The orks were huge, bare-chested, arrogant in their simplicity. In a moment of clarity, Zerberyn saw them for what they were. They were the greenskins’ exemplars.
With a furious cry, Columba fired up his chainsword. The sergeant stepped up onto the air-cycler set against the stair-side wall and jumped across the walkspace, reaching the opposite side stall where he kicked, a servo-assisted release of superhuman force that drove his power-armoured bulk crashing through the metal balustrades and into the orks piling down the stairs. Blood sprayed across the wall, and for a moment it was impossible to distinguish the howls of the orks from that of Columba’s chainsword.
Reoch’s mouth-grille chewed out gravel sounds as he shook his head and rose with a slur of motorised joints, freeing a frag grenade from the clutch at his hip. He pulled the pin and lobbed the charge overarm onto the second level.
The explosion blew out the handrail, smashed the orks’ lacklustre fire discipline and brought down part of the ceiling. The Apothecary turned his half-metal grimace on Zerberyn. His face was a bloody mess, the bullet trapped between the metallic struts that secured his augmetics to the bone.
‘Retrograde aberrations,’ he snarled.
Zerberyn yanked the Apothecary behind him as an ork wearing serpentine tattoos and what looked like human-skin shorts kicked through a stall door and charged. Its axe clanged against Zerberyn’s raised vambrace. Steel on ceramite, it never stood a chance. With a loud crack the haft splintered, the head spinning aside, but the strength behind the initial blow was phenomenal and sent Zerberyn reeling.

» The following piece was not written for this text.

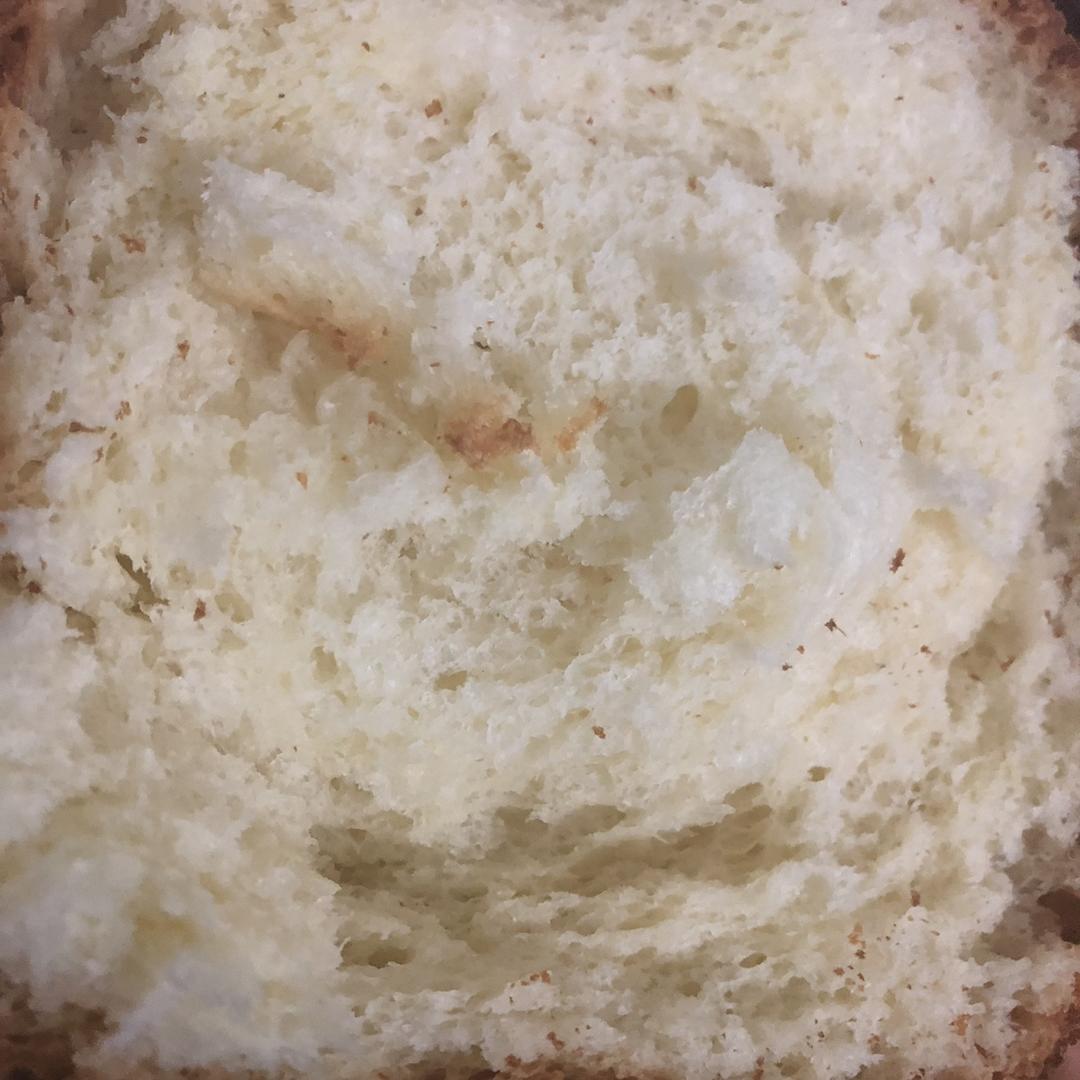 面包机版椰浆牛奶吐司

A bolt-round punched through the ork’s ribcage and blasted half its chest out through its back. A second round blew out the other half before a third in quick succession detonated between its eyes and finally killed it in its tracks. Brother Antille lowered his boltgun, the muzzle steaming hot.
‘Gunship inbound. Five minutes.’
Zerberyn nodded gratitude and opened a vox-link. ‘Pull back to the landing zone and regroup.’ He turned to Reoch. ‘Select your subjects, Apothecary. They are to be the lucky ones after all.’
The bloodied Apothecary lowered his pistol and stalked to the nearest stall to obey.